How device size affects disk performance in Linux

PUBLISHED ON FEB 9, 2011 — BLOG

While running some tests in a client’s environment, we’ve noticed reading from a partition of a multipath device was considerably slower than reading from its parent node:

`[root@none]# dd if=mpath4 of=/dev/null bs=1M count=1024 1024+0 records in 1024+0 records out 1073741824 bytes (1.1 GB) copied, 8.92711 seconds, 120 MB/s

[root@none]# dd if=mpath4p1 of=/dev/null bs=1M count=1024 skip=1024 1024+0 records in 1024+0 records out 1073741824 bytes (1.1 GB) copied, 17.5965 seconds, 61.0 MB/s`

We asked to client support of a well-known GNU+Linux vendor, and they indicated that this behavior was “expected”, since this kind of partitions were created by stacking a_dm-linear_ device over the original multipath node. I wasn’t satisfied by this answer, since AFAIK dm-linear only did a simple transposition of the original request over an specified offset (the beginning of the partition), so I decided to investigate a bit further on my own.

The first thing I’ve noticed, was that changing size of the dm-linear device affected the performance of the tests:

`[root@none]# echo “0 1870000 linear 8:96 63” | dmsetup create test [root@none]# dd if=/dev/mapper/test of=/dev/null bs=1M count=100 skip=600 100+0 records in 100+0 records out 104857600 bytes (105 MB) copied, 0.906487 seconds, 116 MB/s

[root@none]# dmsetup remove test [root@none]# echo “0 1870001 linear 8:96 63” | dmsetup create test [root@none]# dd if=/dev/mapper/test of=/dev/null bs=1M count=100 skip=700 100+0 records in 100+0 records out 104857600 bytes (105 MB) copied, 1.47716 seconds, 71.0 MB/s`

This was something, but then I needed to find the reason of how a simple change in the device size could impact the performance this way.
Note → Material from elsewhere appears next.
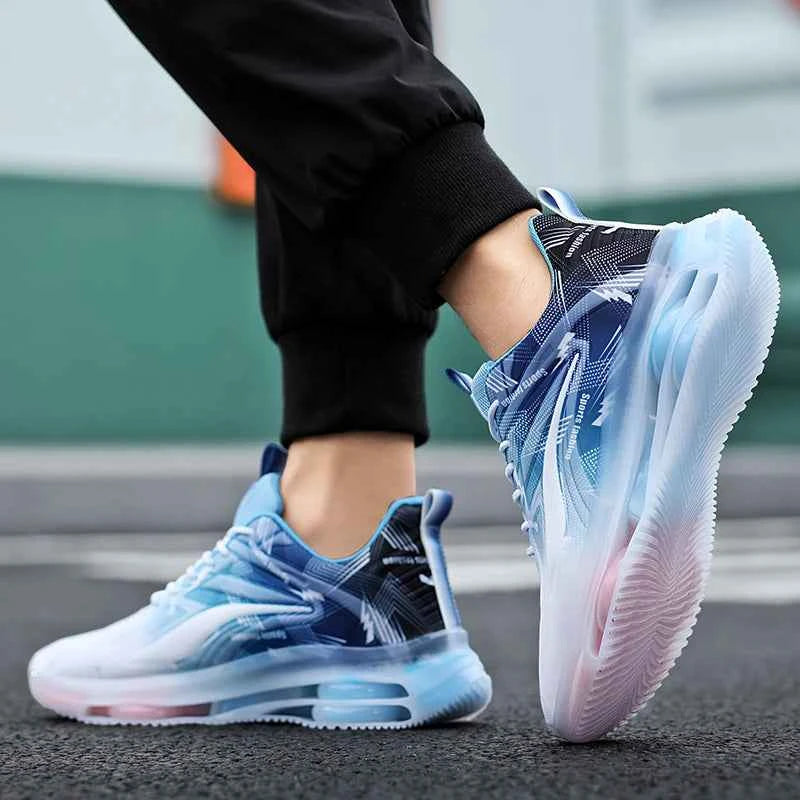 Men’s Air-Cushioned Basketball Sneakers – Breathable, Non-Slip & Shock-Absorbing for Outdoor Play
Playing around with _kgdb_ (what a nice tool!), I’ve reached to this piece of code from Linux (drivers/md/dm.c):

`static int __split_bio(struct mapped_device md, struct bio bio) { struct clone_info ci; int error = 0;

ci.map = dm_get_table(md); if (unlikely(!ci.map)) return -EIO;

ci.md = md; ci.bio = bio; ci.io = alloc_io(md); ci.io->error = 0; atomic_set(&ci.io->io_count, 1); ci.io->bio = bio; ci.io->md = md; ci.sector = bio->bi_sector; ci.sector_count = bio_sectors(bio); ci.idx = bio->bi_idx;

start_io_acct(ci.io); while (ci.sector_count && !error) error = __clone_and_map(&ci);

dec_pending(ci.io, error); dm_table_put(ci.map);

return 0; }`

In the debugging session, I’ve noticed that _ci.sector_count_ takes the value ‘1’ for the device with worst performance, while other devices with different sizes and better read speeds could take values in a range from ‘2’ to ‘8’ (being the latter the case with best performance). So, indeed, the size of a device affects how is accessed, and this implies a noticeably difference in performance. But, still, it wasn’t clear for me where is the root of this behavior, so I decided to dig a bit deeper. That took me to this function (fs/block_dev.c):

`void bd_set_size(struct block_device bdev, loff_t size) { unsigned bsize = bdev_logical_block_size(bdev);

bdev->bd_inode->i_size = size; while (bsize < PAGE_CACHE_SIZE) { if (size & bsize) break; bsize <<= 1; } bdev->bd_block_size = bsize; bdev->bd_inode->i_blkbits = blksize_bits(bsize); }`

This function searches for the greatest power of 2 which is divisor of the device size in the range of 512 (sector size) to 4096 (the value for PAGE_CACHE_SIZE in x86), and sets it as the internal block size. Further direct requests to the device will be internally divided in chunks of this size, so devices with sizes that are multiple of 4096 will perform better than the ones which are multiple of 2048, 1024 or 512 (the worst case, which every device conforms as its the size of each sector). This is specially important in scenarios in which devices are directly accessed by the application, such as in Oracle’s ASM configurations.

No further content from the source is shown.